## [Data section]
------------------------
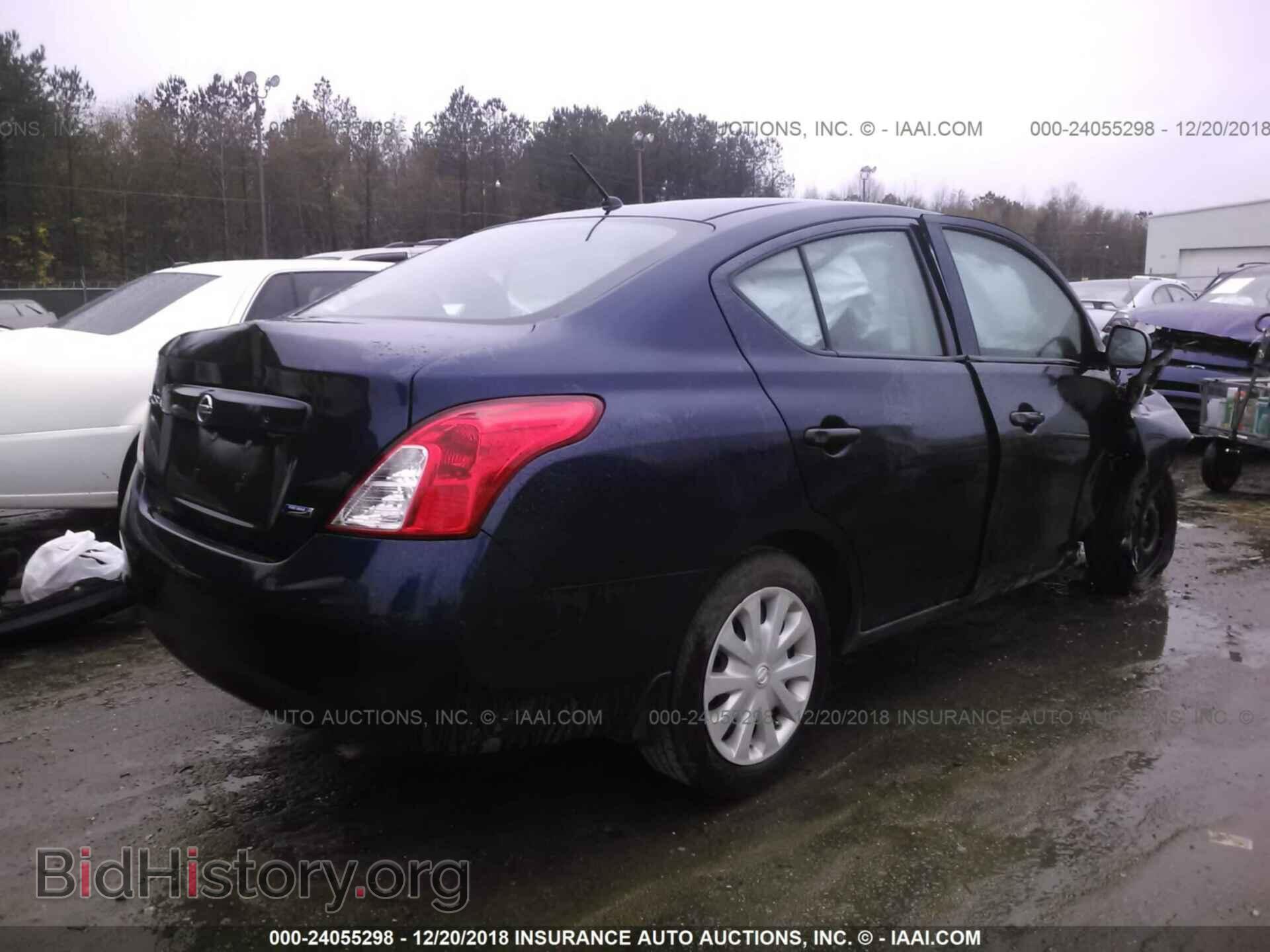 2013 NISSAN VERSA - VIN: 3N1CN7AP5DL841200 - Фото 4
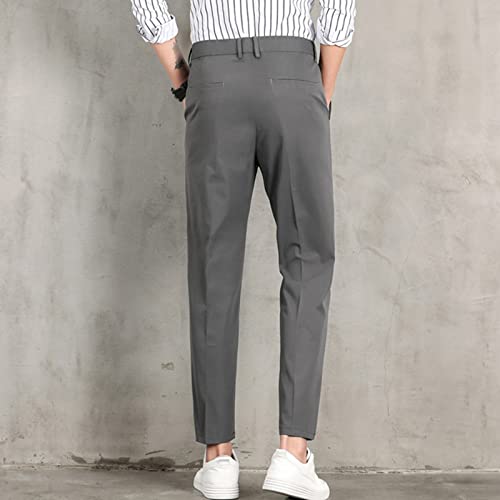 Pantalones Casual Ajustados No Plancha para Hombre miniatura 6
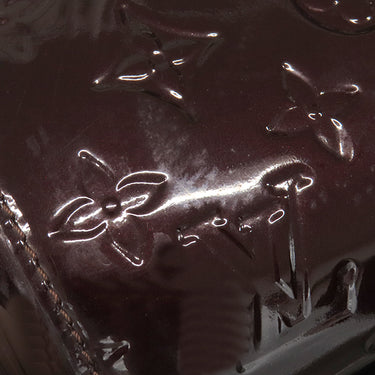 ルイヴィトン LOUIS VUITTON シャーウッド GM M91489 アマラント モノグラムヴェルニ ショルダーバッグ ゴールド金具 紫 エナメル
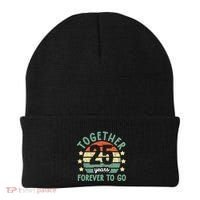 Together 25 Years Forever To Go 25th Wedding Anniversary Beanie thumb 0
------------------------
## [Action item]
The response should restate the material above word for word and contain no pictures.

## [Expected output]
 2013 NISSAN VERSA - VIN: 3N1CN7AP5DL841200 - Фото 4
 Pantalones Casual Ajustados No Plancha para Hombre miniatura 6
 ルイヴィトン LOUIS VUITTON シャーウッド GM M91489 アマラント モノグラムヴェルニ ショルダーバッグ ゴールド金具 紫 エナメル
 Together 25 Years Forever To Go 25th Wedding Anniversary Beanie thumb 0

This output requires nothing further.